Ottawa wants to claw back $25 million from Merchant law firm for residential school work

Ottawa wants back millions paid to Merchant law firm for residential school work

Tony Merchant defends legal fees in Canadian Lawyer magazine’s August issue. ORG XMIT: POS2013040520132177


/ Regina Leader~Post

While the federal government believes it should be allowed to pursue its lawsuit for $25 million paid to Merchant Law Group (MLG) for its work on Indian residential school files, the firm’s lawyer says it’s a done deal.

“It should go to trial,” Mitchell Taylor, the lawyer representing the Attorney General of Canada argued before the Saskatchewan Court of Appeal on Tuesday. Ottawa’s suit — rejected by a lower court earlier this year — claimed that the Regina law firm inflated its legal bill.

But Regina lawyer Gord Kuski, representing MLG, said the government has struck out twice in its efforts to avoid paying — and now wants a third try. He called it a “collateral attack,” attempting to re-litigate what the courts have already decided. “There has to be some end to litigation,” said Kuski.
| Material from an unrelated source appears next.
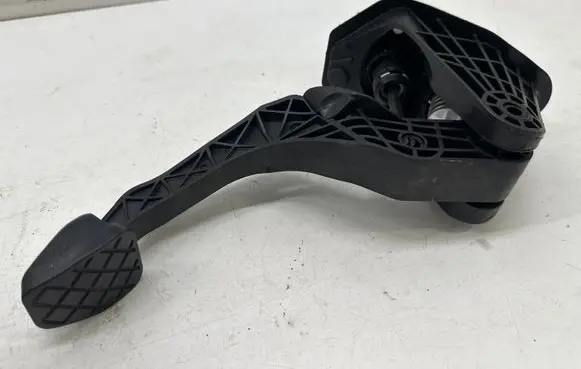 Clutch pedal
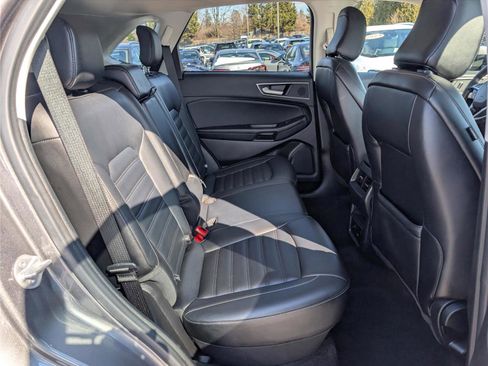 Used 2022 Ford Edge SEL w/ Convenience Package image 13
The appeal court reserved decision. As is the court’s practice, Justices Ralph Ottenbreit, Peter Whitmore and Jacelyn Ryan-Froslie gave no date by which they’ll issue a written decision.

The appeal is one more volley in a decade-long battle over the payment of legal fees and expenses to the Regina-based law firm under terms in the historic Indian Residential Schools Settlement Agreement. That landmark deal provided compensation for former residential school students — which remains unaffected by the outcome of this dispute — and also paved the way for the Truth and Reconciliation Commission.
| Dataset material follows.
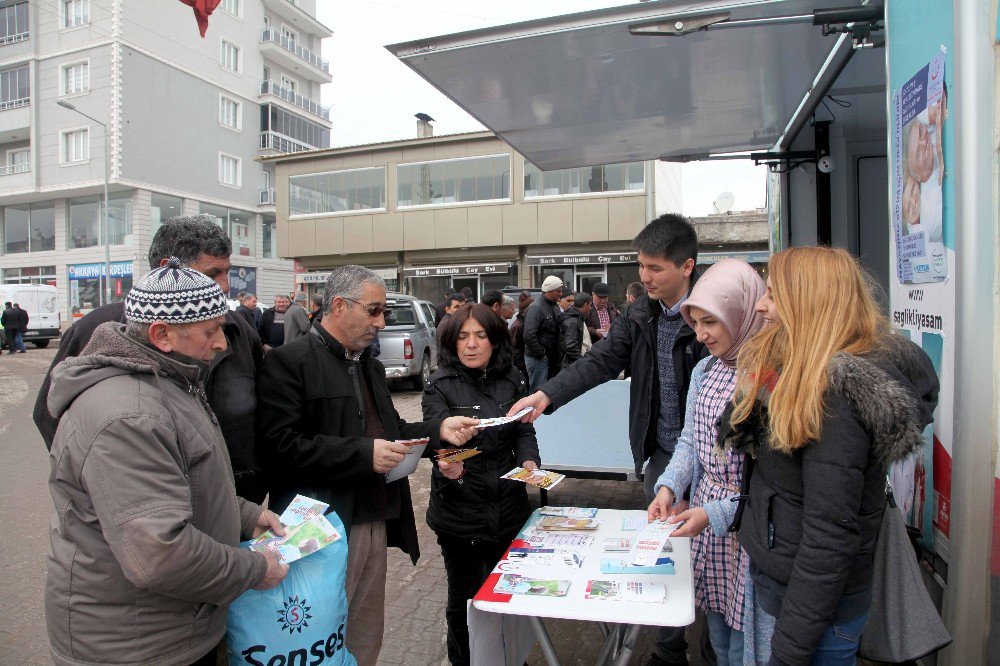 Ahlat’ta Kanser Haftası Etkinliği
The federal government says a Court of Queen’s Bench judge erred in striking the lawsuit against MLG before it ever went to trial. “Canada is entitled to have its tort claim that it was defrauded and deceived by MLG over fees and its work in progress adjudicated on its merits,” Taylor argued. “We fully recognize that this is a very serious claim.”

In his January decision, Court of Queen’s Bench Justice Brian Barrington-Foote agreed with MLG that Ottawa was trying to reopen what was already signed, sealed and delivered.

“How can Canada now recover the very fee that the courts have found to be fair and reasonable?” he wrote.

Kuski characterized the government’s move in much the same way before the appeal court. “Canada’s attempt(ing) to take a third bite at the cherry,” he argued. Kuski said MLG has been on a “tortuous journey” since 2006 — and 10 years later it’s being “vexed” by the same issue.

But Taylor took issue with casting MLG as some sort of victim. He said only after the settlement was reached and the firm’s files reviewed by a government-appointed auditor did Ottawa realize there was a problem.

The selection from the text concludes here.